The official Consumer Price Index rose by 4.5% on the year in December, matching November’s rise and coming in just below expectations of a 4.7% increase.
Inflation has been climbing steadily in China since February 2019, when it stood at just 1.9%. Increased pork prices have been blamed for the most recent bout of strength. The meat is an absolute staple in China and an epidemic of swine fever has seriously affected stocks. There was modest good news on this front in December, with pork prices decelerating slightly.
That said higher inflation is likely to stay the stimulative hand of Beijing. The current target is for price rises of around 3%. There has been some speculation that this could be raised, to give the authorities more leeway to stoke the economy, but this prospect has yet to crystalize.
Stimulus looks to be needed though. Producer price inflation continues to slide, falling 0.5% on the year last month. That was at least better than the 1.4% fall seen in November, but still suggests that corporate profits will be hard to come by.
The Australian Dollar can often find itself the foreign exchange markets’ top liquid Chinese-economy bet, thanks to Australia’s famed raw material exports to the world’s second largest economy. It inched up very slightly after the data, but market focus is clearly elsewhere.

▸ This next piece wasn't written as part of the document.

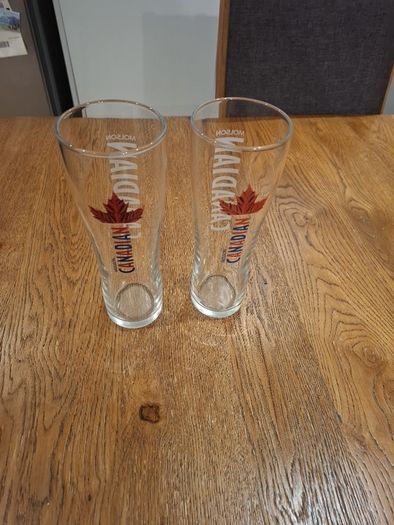 Canadian Molson Pint Glasses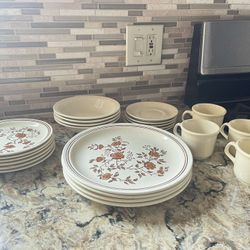 Vintage Roycroft Stoneware Set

The Aussie Still Reels From US-Iran Tensions
The Australian Dollar has of course been hit like all other pro-cyclical assets by heightened military tensions between the US and Iran. The currency tends to do better when investors feel better about global growth prospects, which broadly speaking they did as 2019 wound down, thanks to hopes for a trade deal between China and the US.
That hope remains live, with an interim, phase-one accord still apparently set for signing on January 15.
AUD/USD may have gleaned some support from fading expectations that record-low Australian interest rates could yet go lower next month. On January 3 that chance was rated at 51%, according to index provider ASX, It has since receded to 40%.
The currency seems likely to regain its former bid tone assuming that US-Iranian relations will allow this.
That in turn is likely to be sustained into the first Reserve Bank of Australia monetary policy meeting of 2020 which is coming up on February 4.